It has been about seven months since I said goodbye to my best com padre….and I know in my heart and mind that I will see her again, but when I let myself think about her (like nearly everyday) it is painful all the same. Though she was a woman of great faith and believed to her last breath in the God of healing, she had to receive that healing on the other side. Today her brother, my husband reminded me of just that, through his tears and pain he made known…. God still heals, maybe not in front of us as we pray for, but he still does do what he promises. What I wouldn’t give to see her healed.
The reality of her death comes at me in waves, sometimes slow like a small ripple across my feet when walking on the shore at the ocean’s edge. Other times, like today a huge thrust of water, salty and drowning, taking me over. I sit and cry as if it just happened. I think how is it possible, I made peace with this, she is healed not in pain, beautiful and happy she is with the one who she longed to worship. But no, painful shock waves encompass my whole heart and once again I cry. What I wouldn’t give to be in worship service with her now.

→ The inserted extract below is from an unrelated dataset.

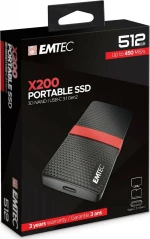 Ssd Emtec X200 512Gb Portable Black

Many times during my days as I do whatever needs to be done, it crosses my mind to tell her something, funny or crazy or just chatter. We needed no reason to talk, the incessant break down in laughter along with the chronic rehearsing of how we know so much better than anyone else how things should be. Anyone wonder what the next step should be in any given situation…just ask us, we knew! What I would give to go on a rant with her now.
On days like today, I wish I could ask her what she thinks, is she proud of me for what I am doing these days, she could help me count the costs and dream even bigger. I could tell her my fears and she would encourage me to not stop, keep it up….this is what you have always wanted! What I would give to run it by her and have her tell me I can do it.
The frustrating part is that I thought I was okay, dealing with the loss only to realize I may never be okay. No matter who thinks they had the market on her friendship, I know I did. We were sisters through and through. I know I am having a moment of sorrow now, lots of people have been here, but this is my first time. My first loss of someone so dear to my heart. She would comfort me for a minute…..then tell me to snap out of it and remind me that sorrow is for a night but joy comes in the morning(paraphrased) but now I have to just mourn.
I can not comprehend the depth of loss for her sons and her husband, makes me ashamed for my whinny-ness now. No comparison and I know that, but still the same I mourn also. What I wouldn’t give to talk to her again. She made a difference in my life, her life mattered, she was important to us all. I can only hope to make my life count. She always believed in me. No matter if we were in a time of joy or war, she was there telling me to be strong. What I wouldn’t give to be talking on the phone to her now.
So I will be strong and be encouraged because she would fuss at me if I weren’t, she would call me out and remind me that I am way to cynical for all this cry baby stuff. I will make her proud of me and still think of her everyday. Life is too short and too dang funny to not let it pass by without cracking up one way or another…..and I will continue to talk to her in my heart, apparently she is my alter ego in my head…she infiltrated somehow..maybe that was her plan after all……hmmm!
2 thoughts on “What I wouldn’t give?”
So, this is how it is going to be. I do this about Mamaw Hildreth from time to time. And, I can’t bear to think of Ramona. Those crazy yellow roses bloom at the most inopportune time. Just when I don’t want to cry and have my heart hurt. But they bloom anyway. Reminding me of how much I miss her. We weren’t as close as you two, but we had our own history. From the time she became Ramona Fritts. My dearest childhood friend! My cousin! I always thought there would be more time. We always said we would get together when we felt better. The last time I got to really spend time with her was when you all were at my house for Charles’ graduation from the Seminary. What treasured moments! What I wouldn’t give …..
Thank you for sharing your heart Rose! I love you!
Oh Frankie…please let me tell you how much she LOVED you, her memories were the best of ya’ll growing up, she spoke of them often and about you with great love….you were lucky you got to have her for so much longer. I have two sisters who I love deeply, she was a sister and friend and the closest link to Charles’ childhood so the combo was strong. We talked everyday about nothing at all, raised our kids together, she was with me when Sam was born, the first one to hold him! She made him a lefty! We fought and laughed within seconds of each other. I miss he so bad it makes me sick….I am not sure if her family realized our connection, I know her friends didn’t. Just feeling a bit sorry for myself….I will be better soon…and btw, yellow roses were her favorite as well as mine. And yes I too thought there would be more time…..just goes to show you!